Mary Bliss Parsons: The Witch of Northampton

Mary Bliss Parsons: The Witch of Northampton
by Karen Vorbeck Williams

First published by The New England Historical Society 

The year 1656 wasn’t the first time Mary Bliss Parsons of Northampton was accused of witchcraft. Nineteen years later, in 1675, she was indicted for witchcraft and imprisoned for 10 weeks in Boston to await her trial. Some of the magistrates who sat in judgment of her went on to hear the horrific Salem witchcraft trials of 1692-3, the last hurrah for New England’s witch hunters. They had recognizable names: Thomas Danforth, Simon Bradstreet, William Stoughton, and then-governor, John Leverett. 

Simon Bradstreet

Simon Bradstreet

William Stoughton

William Stoughton

Governor John Leverett

Governor John Leverett

MARY BLISS PARSONS

Mary Bliss was born in England in about 1627, most likely in Painswick Parish, Gloucestershire. She came to Mount Wollaston (now a part of Quincy) in the Massachusetts Bay Colony around 1635 at the age of about eight. She sailed with her parents and four elder step-brothers. 

By 1640 they, and many others, had followed the great Puritan divine Thomas Hooker to Hartford in Connecticut Colony and belonged to the first group of settlers there.

Thomas Hooker and his people

Thomas Hooker and his people

Many extant records and a number of depositions explain the accusations of witchcraft against Mary. When the whole story came out it all came down to the jealousy of one woman. Sarah Lyman Bridgman convinced other townsfolk that Mary Bliss Parsons—with the help of the devil—had caused their hard luck, even the deaths of their babies.

Witches bringing children to Satan

Witches bringing children to Satan

Mary wasn’t afraid to take her complaints and opinions right to the source of her grievance. If she paid you to weave some yarn and you delivered it full of flaws, she wouldn’t stand for it. If you borrowed the family’s team of oxen to plough a field and she saw you whipping and mistreating them, she would march across the field and give you a talking to. 

JOSEPH PARSONS

Legend says Mary Bliss was a great beauty. To make herself even more enviable she married Joseph Parsons in 1646. He would become the wealthiest man in Hampshire County and, before he died, one of the richest in the territory. Joseph traded furs, owned a retail store and the sawmill and co-owned the first grist mill in Northampton. In 1661, he got a license to keep an ordinary, or tavern, there. He would become the largest land owner in the new settlement of Northfield, and in Boston he bought a house, a wharf and warehouses.

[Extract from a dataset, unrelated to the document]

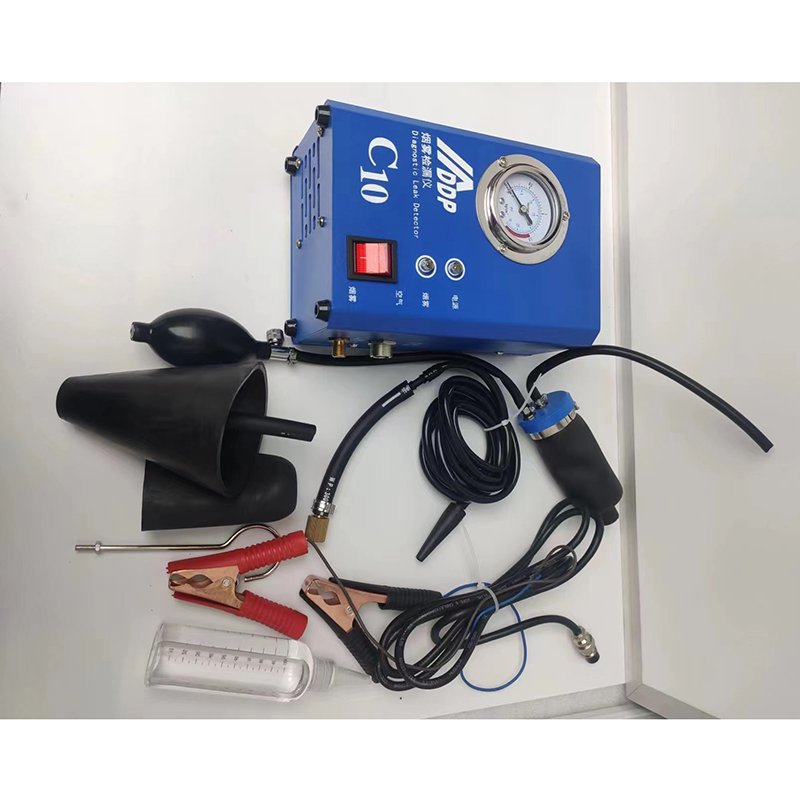 Automobile smoke machine engine intake and exhaust pipeline leak detection Automobile smoke leak detector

Joseph also served often as selectman and, because he knew the Indians through his trading enterprises, as liaison between the natives and the townsmen.

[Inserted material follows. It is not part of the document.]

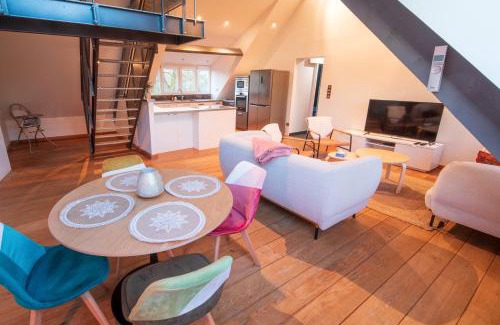 Charleville-Mezieres Apartment | Loft les deux cèdres avec vue panoramique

Though it was written that Mary Parsons was ‘possessed of great beauty and talents.’ She was not very ‘amiable,’ she had ‘haughty manners’ and was ‘exclusive in the choice of her associates.’ So, there she was, beautiful and rich with a mind of her own to speak. 

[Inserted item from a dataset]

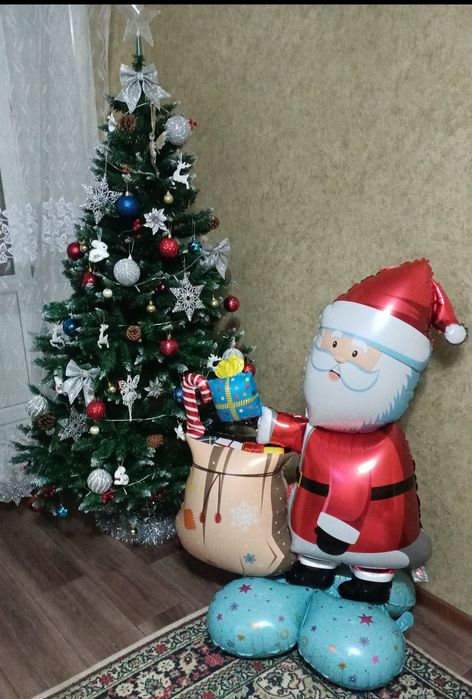 Продам красивую ёлку с ягодками и снегом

As if that wasn’t enough to annoy all the other goodwives in town, she had an astoundingly successful birthrate. In the 17th century, many women died giving birth, and many children did not survive childhood.  For 25 years Mary got pregnant just about every two years. Her last child was born when she was a grandmother. She had 11 children, including two sets of twins. All but two of her children survived to adulthood. In a time when male children were valued above females (males were needed to run the farm) her first six babies were boys and then came five girls. It was just as if she had said, “Joseph, I have given you all the help you need. Now I will help myself.” 

SARAH LYMAN BRIDGMAN

Sarah Lyman Bridgman was convinced Mary’s good fortune was a gift from the devil. Her gossip spread from town to town in the Connecticut River Valley. Many of Sarah’s friends and neighbors listened and wondered. They told stories. Several people saw Mary walking out at night wearing nothing but her shift. One man followed her and saw her walk on water. When he reported her, he said her clothes were not wet.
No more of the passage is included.